Jurgen Habermas defined the bourgeois public sphere where people would meet to discuss, debate and evaluate policies and the society they lived in. Habermas credits the editorial section of newspapers as a medium through which the public was able to convey their ideas and thoughts to the state. These discussions would inform politics, and the state was thus guided by these discourses, which had the power to undermine or elevate power in a certain time or place. The vision of older times when intellectual people (mostly men with long beards) would meet in Parisian style coffee shops and discuss their worries, concerns and apprehensions seems to belong to a bygone era, when cafes and pubs were recognized as intellectual spaces devoted to discussing political action. Now I go to coffee shop concerned about how badly they are going to mispronounce my name this time (Akesha being one of the worst.) No matter the milieu, old public spaces or new ones, codes are are introduced by virtue of the multivalent interactions that take place in that space. And these codes have the power to run the software of our thinking, have the power to encourage people what to talk about, how to talk about it and how they should feel about it. And perhaps most important, how they should react to it.
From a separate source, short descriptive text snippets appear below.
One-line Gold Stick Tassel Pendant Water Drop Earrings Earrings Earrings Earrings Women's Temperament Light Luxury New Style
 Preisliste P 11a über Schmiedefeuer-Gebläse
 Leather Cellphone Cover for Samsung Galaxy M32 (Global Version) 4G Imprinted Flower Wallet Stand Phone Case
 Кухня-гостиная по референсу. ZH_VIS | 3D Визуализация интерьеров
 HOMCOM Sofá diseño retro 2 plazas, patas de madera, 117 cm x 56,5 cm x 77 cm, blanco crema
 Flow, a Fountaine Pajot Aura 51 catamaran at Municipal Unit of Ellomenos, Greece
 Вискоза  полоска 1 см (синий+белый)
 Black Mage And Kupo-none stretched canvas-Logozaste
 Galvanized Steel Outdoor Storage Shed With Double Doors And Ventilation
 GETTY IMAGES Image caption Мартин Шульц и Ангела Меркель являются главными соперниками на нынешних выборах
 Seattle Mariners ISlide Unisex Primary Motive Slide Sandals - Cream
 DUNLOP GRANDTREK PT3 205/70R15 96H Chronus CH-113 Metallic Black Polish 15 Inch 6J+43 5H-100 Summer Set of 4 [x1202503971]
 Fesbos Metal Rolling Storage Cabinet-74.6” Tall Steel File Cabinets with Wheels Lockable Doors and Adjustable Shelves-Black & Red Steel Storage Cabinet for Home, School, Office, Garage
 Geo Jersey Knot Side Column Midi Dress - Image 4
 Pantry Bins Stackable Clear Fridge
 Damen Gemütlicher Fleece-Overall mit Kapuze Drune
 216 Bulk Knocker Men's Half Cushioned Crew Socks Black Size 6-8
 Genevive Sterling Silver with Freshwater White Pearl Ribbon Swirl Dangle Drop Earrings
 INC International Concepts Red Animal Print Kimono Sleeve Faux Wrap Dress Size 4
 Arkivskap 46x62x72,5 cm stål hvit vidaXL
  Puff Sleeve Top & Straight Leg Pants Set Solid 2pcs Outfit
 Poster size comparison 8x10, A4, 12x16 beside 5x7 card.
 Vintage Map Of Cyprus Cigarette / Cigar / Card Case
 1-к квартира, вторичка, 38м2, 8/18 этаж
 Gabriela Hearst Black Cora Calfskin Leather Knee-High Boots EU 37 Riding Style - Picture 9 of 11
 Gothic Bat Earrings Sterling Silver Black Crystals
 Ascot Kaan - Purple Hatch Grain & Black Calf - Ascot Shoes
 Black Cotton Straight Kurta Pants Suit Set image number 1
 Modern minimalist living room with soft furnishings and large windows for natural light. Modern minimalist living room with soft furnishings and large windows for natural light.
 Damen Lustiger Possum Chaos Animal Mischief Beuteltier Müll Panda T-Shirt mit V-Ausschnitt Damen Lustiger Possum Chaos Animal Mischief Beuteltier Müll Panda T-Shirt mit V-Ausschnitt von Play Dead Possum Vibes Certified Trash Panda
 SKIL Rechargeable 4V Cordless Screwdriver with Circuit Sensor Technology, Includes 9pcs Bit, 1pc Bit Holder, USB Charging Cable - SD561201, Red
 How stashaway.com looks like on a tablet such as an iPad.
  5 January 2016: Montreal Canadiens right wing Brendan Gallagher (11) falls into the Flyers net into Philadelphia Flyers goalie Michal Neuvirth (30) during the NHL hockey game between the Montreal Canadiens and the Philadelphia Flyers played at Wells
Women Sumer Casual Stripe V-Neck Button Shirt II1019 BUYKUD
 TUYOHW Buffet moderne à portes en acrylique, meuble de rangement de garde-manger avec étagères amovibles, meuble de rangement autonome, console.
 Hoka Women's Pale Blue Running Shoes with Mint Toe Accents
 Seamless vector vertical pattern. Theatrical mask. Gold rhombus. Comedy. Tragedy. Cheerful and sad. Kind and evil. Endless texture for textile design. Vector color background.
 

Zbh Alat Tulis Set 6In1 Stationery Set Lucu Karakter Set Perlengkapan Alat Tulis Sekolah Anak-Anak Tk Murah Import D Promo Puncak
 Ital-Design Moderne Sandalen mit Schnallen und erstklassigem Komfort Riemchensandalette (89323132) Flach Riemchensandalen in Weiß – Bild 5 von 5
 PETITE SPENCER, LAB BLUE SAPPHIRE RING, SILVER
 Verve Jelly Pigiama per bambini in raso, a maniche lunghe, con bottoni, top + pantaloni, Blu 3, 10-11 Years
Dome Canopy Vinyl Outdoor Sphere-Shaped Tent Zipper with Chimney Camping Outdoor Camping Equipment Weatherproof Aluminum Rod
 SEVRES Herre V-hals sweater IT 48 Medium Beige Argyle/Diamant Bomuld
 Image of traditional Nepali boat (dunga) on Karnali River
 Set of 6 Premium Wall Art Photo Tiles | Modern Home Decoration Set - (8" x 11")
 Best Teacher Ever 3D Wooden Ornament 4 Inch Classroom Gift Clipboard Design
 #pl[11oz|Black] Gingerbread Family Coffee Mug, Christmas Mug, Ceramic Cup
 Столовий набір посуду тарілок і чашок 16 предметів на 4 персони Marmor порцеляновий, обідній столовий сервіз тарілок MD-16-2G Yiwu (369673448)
The setting of this public engagement has now transformed from coffee shops and libraries to Twitter and Facebook where new codes have come to shape discourse on these mediums. This transformation is critical to understanding how the public sphere now engages and how that impacts not just local politics but global politics. People now hold in the palm of their hands the potential to find any information they seek, and that information is usually (always) in agreement with their existing beliefs and views. People now have the potential to edit their own experience of world events. Using various search engines (mostly Google) we may find information to back our beliefs and discard the information that perhaps doesn’t. In step with our tendency toward confirmation bias, now our beliefs and views are regularly confirmed as a result of the algorithms set by Google and Facebook that mechanically calculate and manipulate our sense of identity. We have become victims of our own algorithms.
Understanding the impact of technology on the public sphere is complex. Technology has simultaneously aided and disrupted the very foundations by which public engagement is structured. The idea that we now have a global platform where people can instantly communicate by “tweeting” live, or even the fact that the word “tweet” is no longer defined as a sound birds make, but a message/image a user posts on Twitter, clearly highlights the massive transformation the public sphere has experienced. The public is now global, well-connected, and young, but also seem to be failing to recognize the power of these mechanical entities and complex coding that now govern our web lives.
Who are these people who wield such power over us but will never be visible in real life? Who are these people we listen to and believe? Who are these people who tell us exactly what we need to know? And who are these people who know exactly what we want to know? And are they people at all? The public engages with people and algorithms without knowing which is which, and they do so investing intangible emotions such as trust, logic and the belief that the people, ideas, and platforms we are engaging with are truthful. But if we fail to acknowledge that the thing we are engaging with, this “invisible belief system,” is a set of complicated codes that decides what we should know and conditions what we want to know, we fall into a complicated trap of manipulation.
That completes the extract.